The GhostWriter, a JavaScript 2D Game with Canvas - marcoponds
http://codepen.io/marco-ponds/pen/gawVZY
======
igl
Doesn't work :/ OSX Chrome Version 45.0.2454.101 (64-bit)

------
Kiro
It tells me to type but type what? I press all the keys but can't manage to
kill a single ghost.

------
shade23
Works on FF,but not chrome.That's interesting

EDIT: well there you go : Uncaught TypeError: Cannot read property
'toLowerCase' of undefined

EDIT2: a relevant bug[1] and it even suggests a work around.

[1]:[http://bugs.jquery.com/ticket/15220](http://bugs.jquery.com/ticket/15220)
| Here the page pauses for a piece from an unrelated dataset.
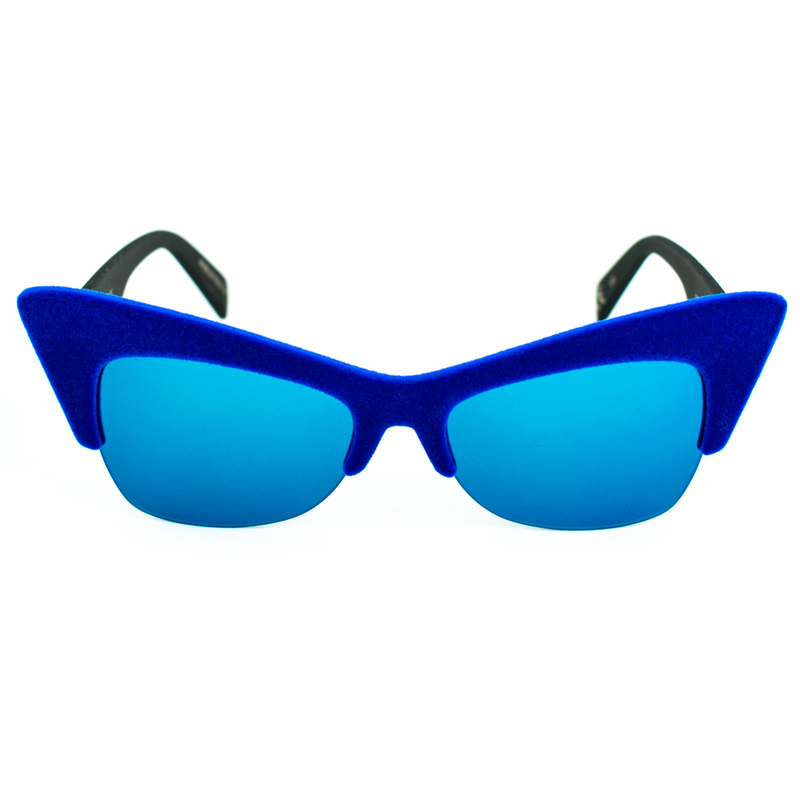 Okulary ITALIA INDEPENDENT 0908V-022-000. Okulary przeciwsłoneczne, Kolor niebieski. Kobieta.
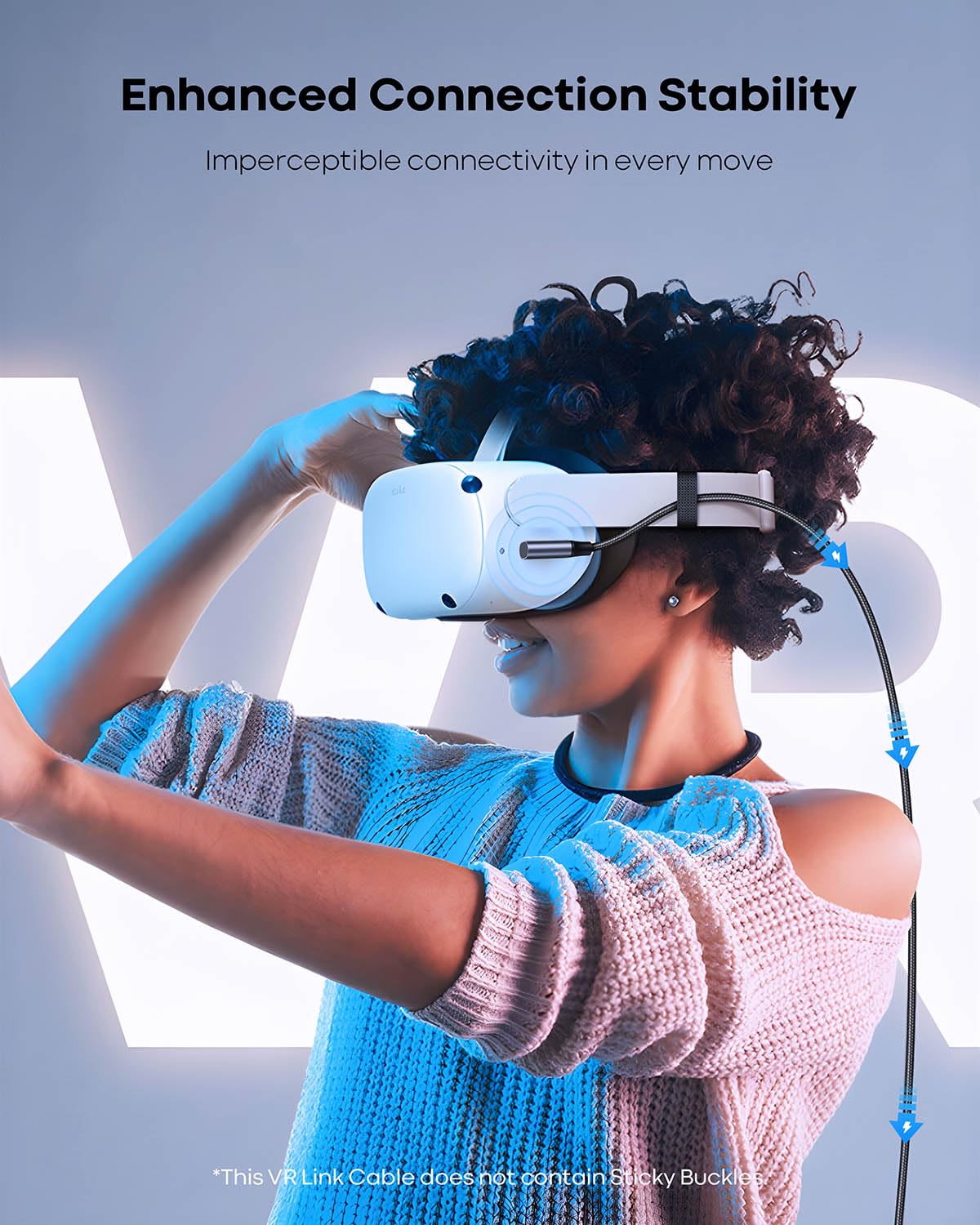 VR Streaming Link Cable Compatible for Oculus Quest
chrome apparently does not have event.key ; you could try event.keyCode or
event.keyIdentifier

------
marcoponds
Thank you for your thoughts. This 'game' has been created in just a few hours
as a personal experiment, and it'n not designed to be completely cross
platform. However, I will edit the code, trying to get a more nice experience.

A major issue is that codepen doesn't automatically focus the frame of the
game, and this causes the keyboard event to be missed.

------
Timucin
Tried to type actual words but didn't work for me either. Tested with OSX
Chrome.

------
dyeje
Pressed all my keys, didn't shoot.